SANTA ANA, Calif. (CN) — The daughter of late radio star Casey Kasem claims in federal court that a rookie movie producer is demanding $100,000 “ransom” for footage they shot for a documentary about elder abuse.
Kerri Kasem and her charity Kasem Cares claim that Cameron Glenar and his Rose Street Productions are refusing to move ahead with the stalled project or deliver to her the raw footage for the feature-length film without a fresh infusion of capital.
Glenar said in promotional materials that his goal for the film was to save lives, but his “intentions suddenly and inexplicably changed” in June, Kasem says in the Nov. 9 complaint.

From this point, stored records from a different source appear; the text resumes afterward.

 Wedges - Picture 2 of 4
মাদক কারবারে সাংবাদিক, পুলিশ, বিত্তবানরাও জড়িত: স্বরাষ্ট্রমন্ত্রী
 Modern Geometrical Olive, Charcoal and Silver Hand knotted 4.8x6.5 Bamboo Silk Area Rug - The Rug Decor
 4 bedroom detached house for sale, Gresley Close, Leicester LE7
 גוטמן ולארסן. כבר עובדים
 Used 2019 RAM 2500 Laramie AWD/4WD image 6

Kasem says that goal “was replaced with greed — using the documentary to extract a quick six-figure payday from a charitable organization that only wanted to use the documentary to help people and promote its cause.”

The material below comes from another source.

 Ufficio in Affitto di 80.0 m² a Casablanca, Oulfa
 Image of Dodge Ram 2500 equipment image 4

Glenar did not respond to an inquiry emailed to his production company on Thursday.
Kasem’s attorney Jesse Kaplan, with Freedman + Taitelman, did not return a phone call.
Casey Kasem was a nationally famous Top 40 disk jockey and voice actor who died in 2014 of complications from dementia.
During the final months of his life and for a time after, he was at the center of a legal battle between his second wife, Jean Thompson Kasem, and his three children from his first marriage, including Kerri Kasem. For a time, Jean Kasem prevented the children from visiting their ailing father, eventually moving him from Southern California to Washington State, where he died.
As a result, Kerri Kasem says in the lawsuit, she became “an outspoken advocate for visitation rights and elder abuse awareness,” and helped found Kasem Cares to assist children kept from their elderly parents and to increase awareness of elder abuse.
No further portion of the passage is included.